Pulling out of my garage around 5:30 the other morning, I immediately noticed something.  Something large.  Something large enough to catch my attention in the mirror before I could see it directly.  It hung on the wall outside the garage door.

I stopped as I reversed the car, then I rolled down the passenger window for a non-tinted look.  A bug.  A true bug, not just an insect.  A rather sizable critter, too: about 40mm/1.5in in length.

Certainly it’s dead, I thought, frozen from the snow and cold and lack of sunlight.  I’ll check it when I get back.  And so I did, though I waited until daylight gave me some ability to capture a few photos.
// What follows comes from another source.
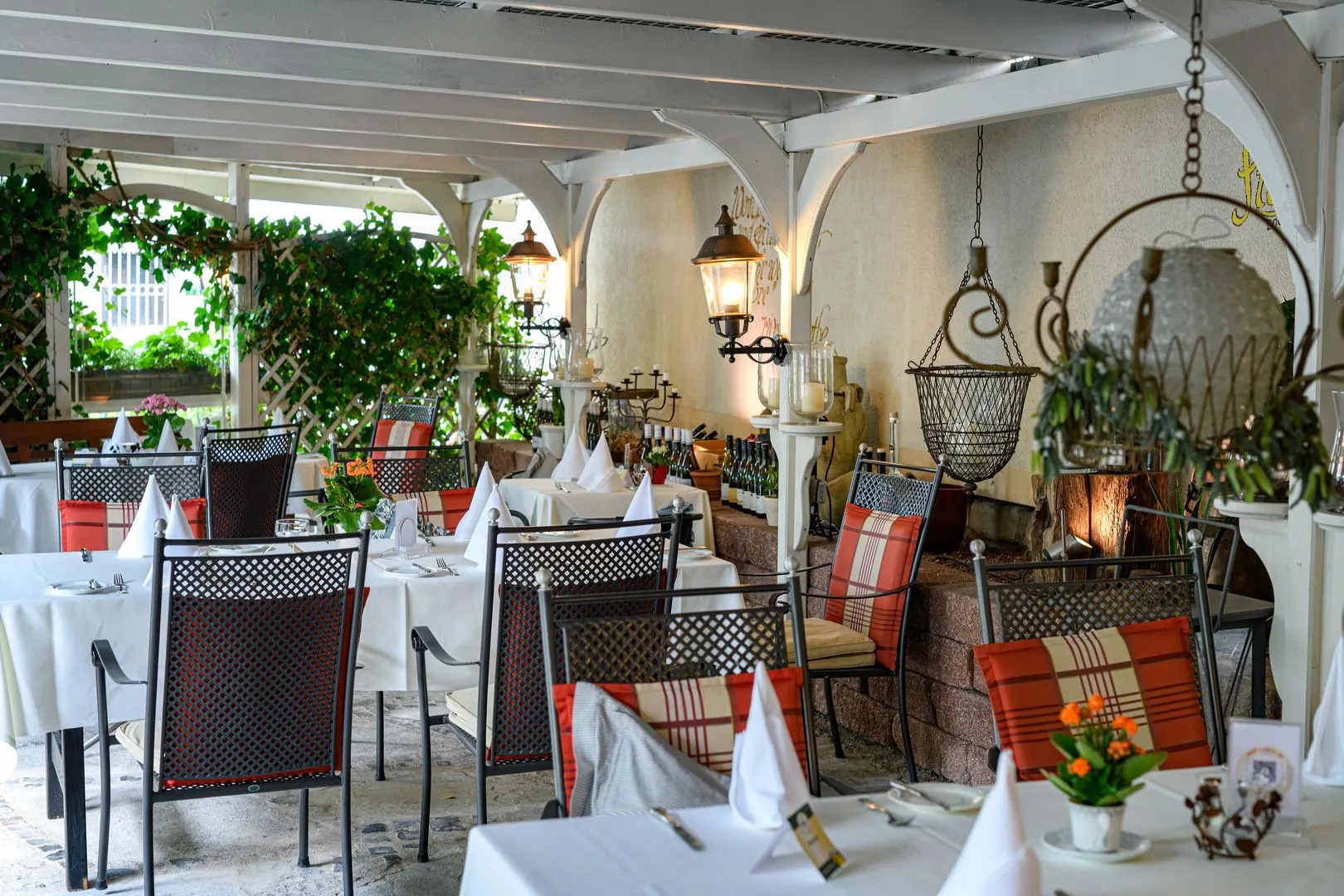 Hotel Restaurant Alt Vellern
A leaf-footed bug (Acanthocephala declivis) hanging on the outside wall (2009_12_27_047525)

A leaf-footed bug (Acanthocephala declivis).  I grabbed a ruler and measured it, surprised at its size given reference material that stated a 25mm-30mm length.  Sure enough, it sailed beyond the paltry guides and landed at a healthy Texas-sized measurement.

A leaf-footed bug (Acanthocephala declivis) hanging on the outside wall (2009_12_27_047529)
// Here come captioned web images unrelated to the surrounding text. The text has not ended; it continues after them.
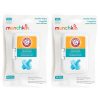 36 Count (Pack of 2)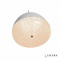 Подвесной светильник iLedex Flake WLD8885-5Y WH - 1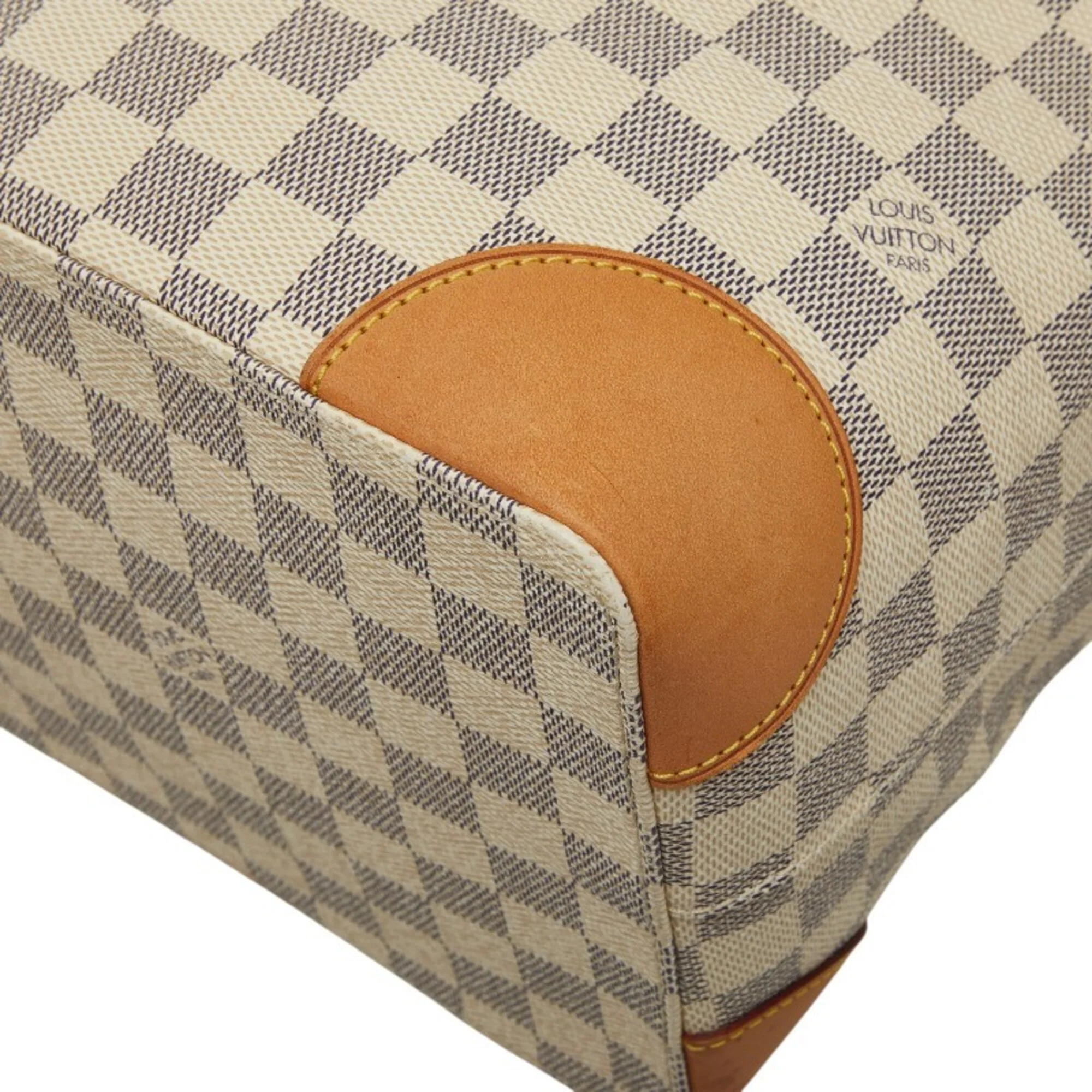 Hampstead Handbag Damier MM - Image 5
It never moved as I slipped and slid on ice trying to get some photos of it.  Yep, it’s dead alright.

I reached out and touched it.  It immediately extended its antennae and shuffled its feet.  Um, OK, not so dead after all.
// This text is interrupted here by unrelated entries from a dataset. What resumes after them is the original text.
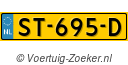 ST695D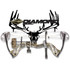 Raxx Bow Hanger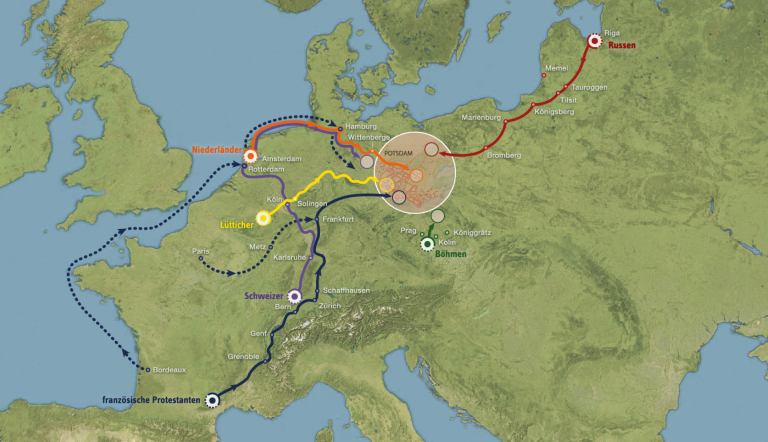 Foto: Potsdam Museum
A leaf-footed bug (Acanthocephala declivis) hanging on the outside wall (2009_12_27_047528)

Given hard freezes each night, I assumed it had only just crawled up the wall and in fact would die the next night.  What have we been taught about assumptions?

It’s now four days after I discovered it.  Not only is the bug in the same general area, but it’s still alive—albeit sluggish, especially early before temperatures warm above freezing.

A leaf-footed bug (Acanthocephala declivis) hanging on the outside wall (2009_12_27_047518)

It must be at the end of its life, already mated or too late to mate, sitting in the cold waiting for darkness to take it.

Its longevity on the wall gives me a sense of familiarity, a kinship of sorts.  I check it each day, if not several times per day, and each time I look it has moved to a slightly different position, sometimes with antennae out and sometimes with them retracted, folded as it were alongside the front of its body.

Nothing about insects in winter surprises me.  In fact, our quirky weather makes it possible for all sorts of surprising critters to make appearances when it seems unwise or unhealthy for them to do so.  River cooters bathing on logs when it’s freezing?  Yep, as long as the sun’s out.  Flies and beetles running about when the wind blows cold?  Yep, as long as the air is warm enough or there’s plenty of sunshine to bathe in.

Yet this one surprises me.  It never gets sun in its position.  That said, it’s right there, right now, still kickin’ and still hangin’ on.